Mandelstam was the first to be taken. In November 1933 he had written a poem about Stalin which had been read in secret to his friends. It is the simplest, most straightforward, verse he ever wrote, a fact his widow Nadezhda would explain as demonstrating Mandel-stam's concern to make the poem comprehensible and accessible to all. 'It was, to my mind, a gesture, an act that flowed logically from the whole of his life and work… He did not want to die before stating in unambiguous terms what he thought about the things going on around us.'119
We live, deaf to the land beneath us,
Ten steps away no one hears our speeches,
All we hear is the Kremlin mountaineer,
The murderer and peasant-slayer.
His fingers are fat as grubs
And the words, final as lead weights, fall from his lips,
His cockroach whiskers leer
And his boots gleam.
Around him a rabble of thin-necked leaders -
Fawning half-men for him to play with.
They whinny, purr or whine
As he prates and points a finger,
One by one forging his laws, to be flung
Like horseshoes at the head, the eye or the groin.

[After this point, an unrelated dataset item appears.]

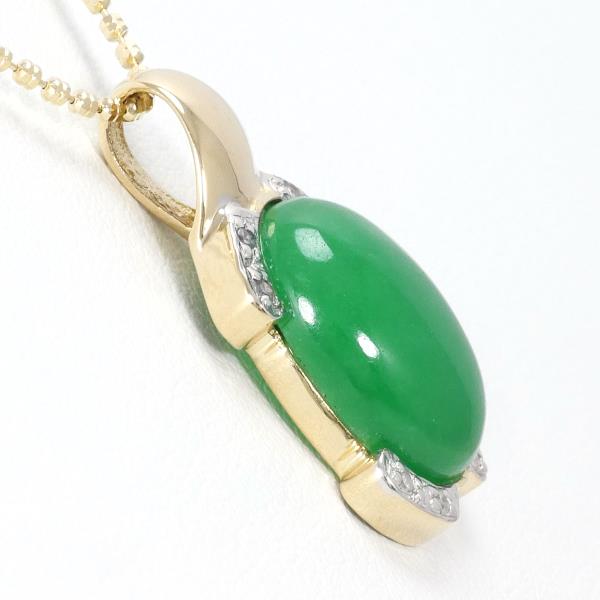 14K Yellow & White Gold Necklace with Jade and Diamond, Total Weight Approximately 4.5g, Length Approximately 41cm  in Excellent Condition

And every killing is a treat
For the broad-chested Ossete.120
Akhmatova was visiting the Mandelstams in Moscow in May 1934 when the secret police burst into the flat. 'The search went on all night', she wrote in a memoir about Mandelstam. 'They were looking for poetry, and walked across manuscripts that had been thrown out of the trunk. We all sat in one room. It was very quiet. On the other side of the wall, in Kirsanov's flat, a ukulele was playing… They took him away at seven in the morning.'121 During his interrogations in the Lubianka, Mandelstam made no attempt to conceal his Stalin poem (he even wrote it out for his torturers) - for which he might well have expected to be sent straight to the gulags in Siberia. Stalin's resolution, however, was to 'isolate but preserve': at this stage, the poet was more dangerous to him dead than alive.122 The Bolshevik leader Nikolai Bukharin had intervened on Mandelstam's behalf, warning Stalin that 'poets are always right, history is on their side'.123 And Pasternak, though obviously careful not to compromise himself, had done his best to defend Mandelstam when Stalin called him at home on the telephone.124
The Mandelstams were exiled to Voronezh, 400 kilometres south of Moscow, returning to the Moscow region (but still barred from the capital itself) in 1937. Later that autumn, without a place to live, they visited Akhmatova in Leningrad, sleeping on the divan in her room at the Fountain House. During this last visit Akhmatova wrote a poem for Osip Mandelstam, the person whom she thought of almost as her twin. It was about the city they both loved:
Not like a European capital With the first prize for beauty -
But like stifling exile to the Yenisei,
Like a transfer to Chita,
To Ishim, to waterless Irghiz,
To renowned Atbasar,
To the outpost Svobodny,
To the corpse stench of rotting bunks -
So this city seemed to me
On that midnight, pale blue -
This city, celebrated by the first poet,
By us sinners and by you.125
Six months later Mandelstam was re-arrested and sentenced to five years' penal labour in Kolyma, eastern Siberia - in effect a death sentence in view of his poor health. On his way there he passed the Yenisei river, the towns of Chita and Svobodny, and ended up in a camp near Vladivostok, where he died of a heart attack on 26 December 1938.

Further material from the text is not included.